Texas Tech University, Lubbock, TX
Humanities Building

The symposium is generously supported by the TTU Office of Research and Innovation, The Dean's Office of College of Arts and Sciences, the Office of International Affairs, the Department of English, the Department of CMLL, and the Department of History.

Download Symposium Program

Download CFP

Keynote Speakers

Dr. Shelley Fisher Fishkin, Joseph S. Atha Professor of Humanities, Professor of English, and Director of American Studies Program, Stanford University, USA

Dr. Alfred Hornung, Professor and Chair of American Studies, Editor-in-chief of Journal Of Transnational American Studies, Johannes Gutenberg University, Germany

Dr. King-Kok Cheung, Research Professor of English (2023-) and Professor Emeritus of English and Asian American Studies (2022-), University of California, Los Angeles, USA

Dr. Rob Wilson, Professor of Literature, University of California, Santa Cruz, USA

Call for Proposals

What would American Studies look like if the transnational rather than the national were at its center? It has been twenty years since Shelley Fisher Fishkin first challenged us with the provocative question and articulated the transnational turn in American Studies in her 2004 presidential address to the American Studies Association in Atlanta, Georgia. What has transnational American Studies achieved as an interdisciplinary field in the past twenty years? How has it transformed American Studies in terms of methodology, periodization, and geographical location? How do we employ its critical framework to investigate literary/cultural productions/phenomena on a global scale? What does transnational American Studies mean today when isolationist ideologies are gaining ascendance in the US and China? In what ways has globalization been synonymous with Americanization? Why will transnational American Studies continue to matter in the eras of Covid 19, climate change, and Cold War 2.0?

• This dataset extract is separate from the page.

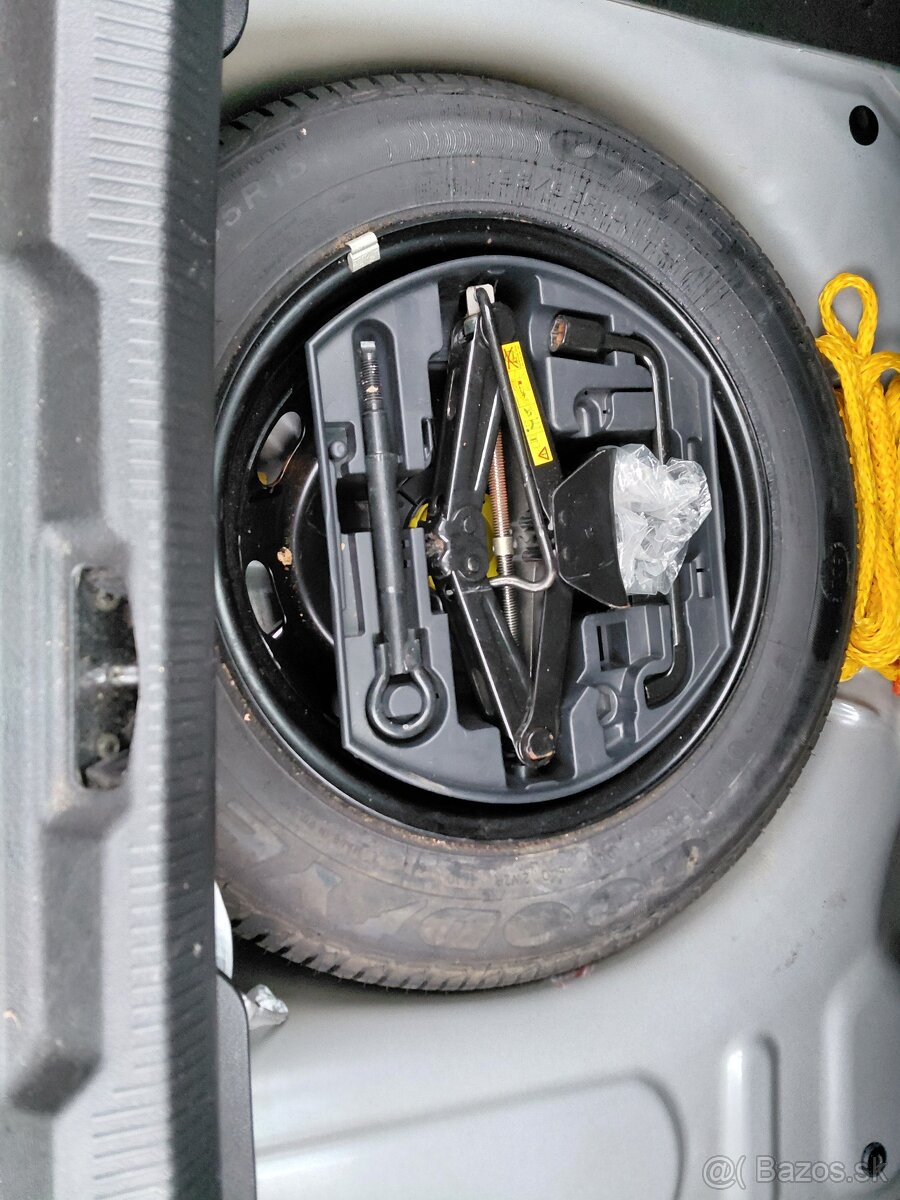 Predam Peugeot 207 - 8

This symposium welcomes papers and presentations that would address but are not limited to the following topics, themes, and questions:

    • Globalization, Americanization, and transnational American Studies
    • The geopolitics of the transpacific: why and how has the Asia Pacific been retooled as the Indo-Pacific?
    • Anglo-American literature on the South Pacific and the Asia Pacific as the new frontier in the American national imaginary in the nineteenth century
    • Transatlantic literatures and cultures
    • The Black Atlantic and African American experiences
    • The Black Pacific and African American revolutionaries
    • Asian American literature, culture, and the transpacific movement
    • Literature and War: the Pacific Theater, the Korean War, the Vietnam War, and the War on Terror
    • Cold War literatures and cultures
    • The Cold War, the Bandung Conference, and the Asian-African alliance
    • The Cold War, Pacific ascendancy, and the military industrial complex
    • Cold War 2:0, AI technology, and the New Global Order
    • Eco-poetics and climate change
    • Bollywood and Hollywood Cinemas
    • Border Studies and Refugee Crises
    • Hip-pop, K-pop, and global popular culture
    • Manga, Anime, and the Monster of the Transpacific
    • Gangster, Violence, and the Kung Fu Cinema
    • Cyberpunk and transpacific speculative fiction
    • Social media and transnational communities
    • How has the growth in the digitization of archives shaped transnational American Studies?
    • What role might translation studies play in transnational American Studies in the future?
    • What is the importance of collaboration in transnational American Studies?
    • How can tactics and an ethos of “worlding” be activated to oppose the dominant telos of neo-capitalist globalization?
    • How can American Studies alter its national or transnational frameworks to deal with “planetary” concerns befitting the devastating environmental consequences and extinctions of the Anthropocene?